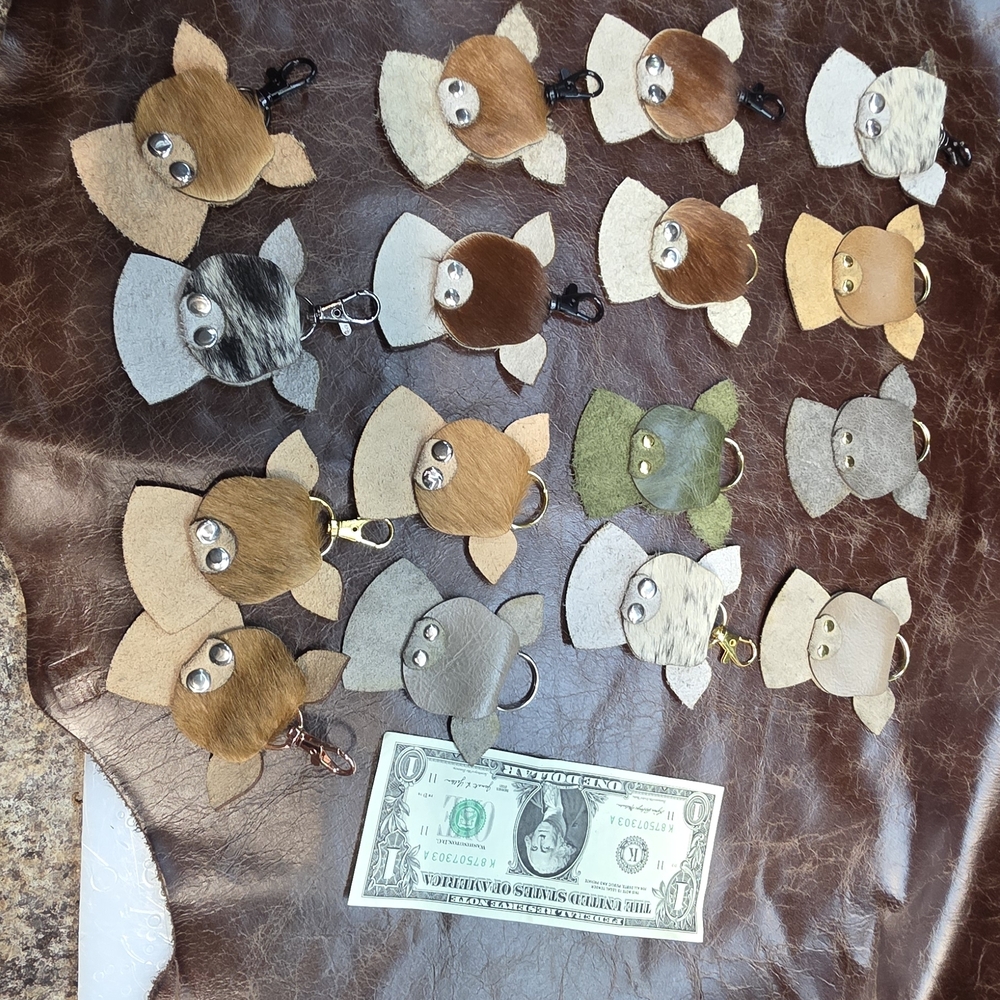 Handmade Leather Pig Head Keychains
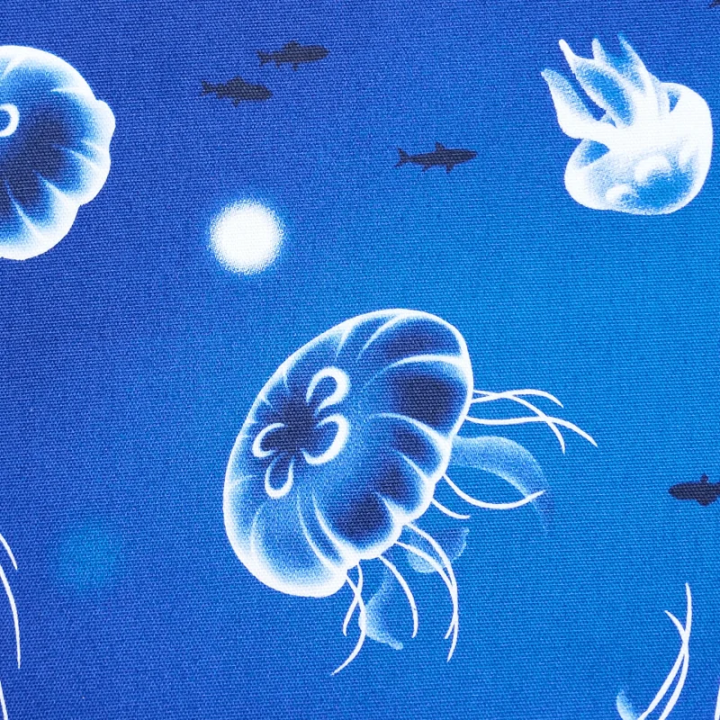 Tissu coton imprimé méduses – Bleu électrique – 100% coton – Cosmo – Japon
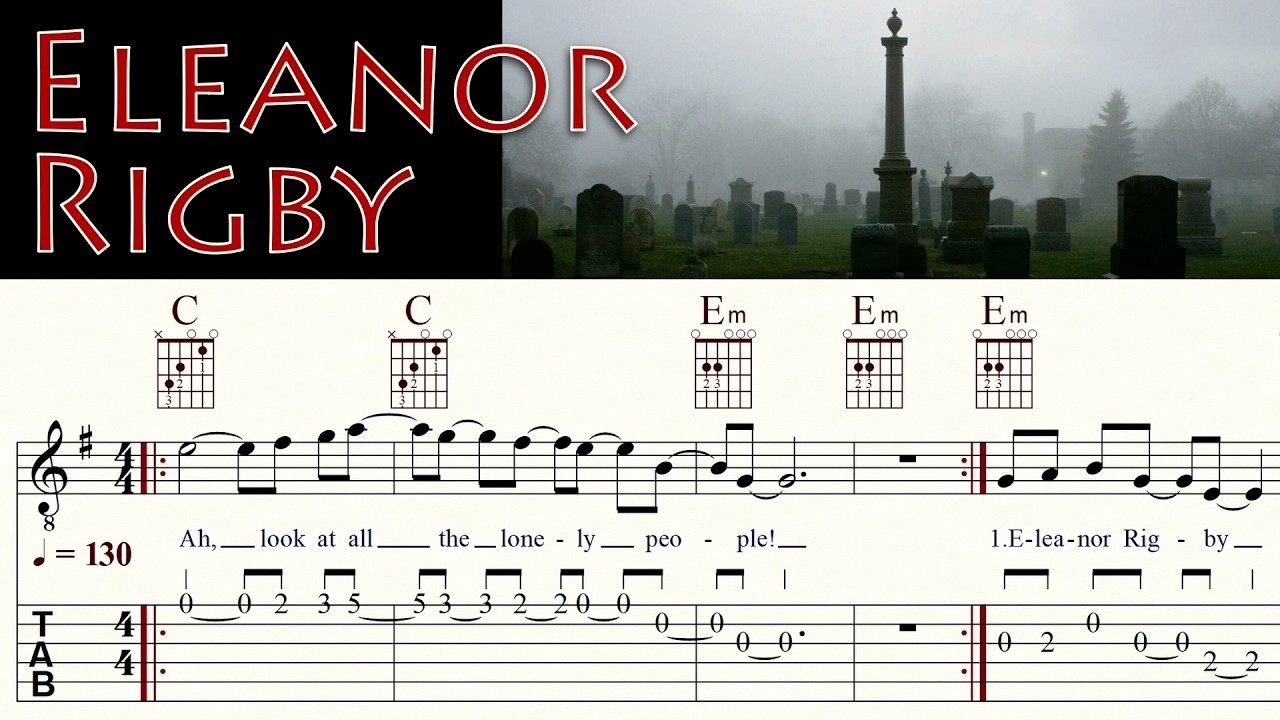 ELEANOR RIGBY | BEATLES | Acoustic Guitar Lesson | Melody, Chords & Lyrics | TAB & Sheet Music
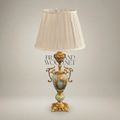 Victorian Celadon Ceramic Urn Table Lamp - Hand-Painted Floral & Brass Scroll Handles — Gold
★ ★ ★ ★
Reproduce the whole listing above character for character; pictures do not belong in it.

 Handmade Leather Pig Head Keychains
 Tissu coton imprimé méduses – Bleu électrique – 100% coton – Cosmo – Japon
 ELEANOR RIGBY | BEATLES | Acoustic Guitar Lesson | Melody, Chords & Lyrics | TAB & Sheet Music
 Victorian Celadon Ceramic Urn Table Lamp - Hand-Painted Floral & Brass Scroll Handles — Gold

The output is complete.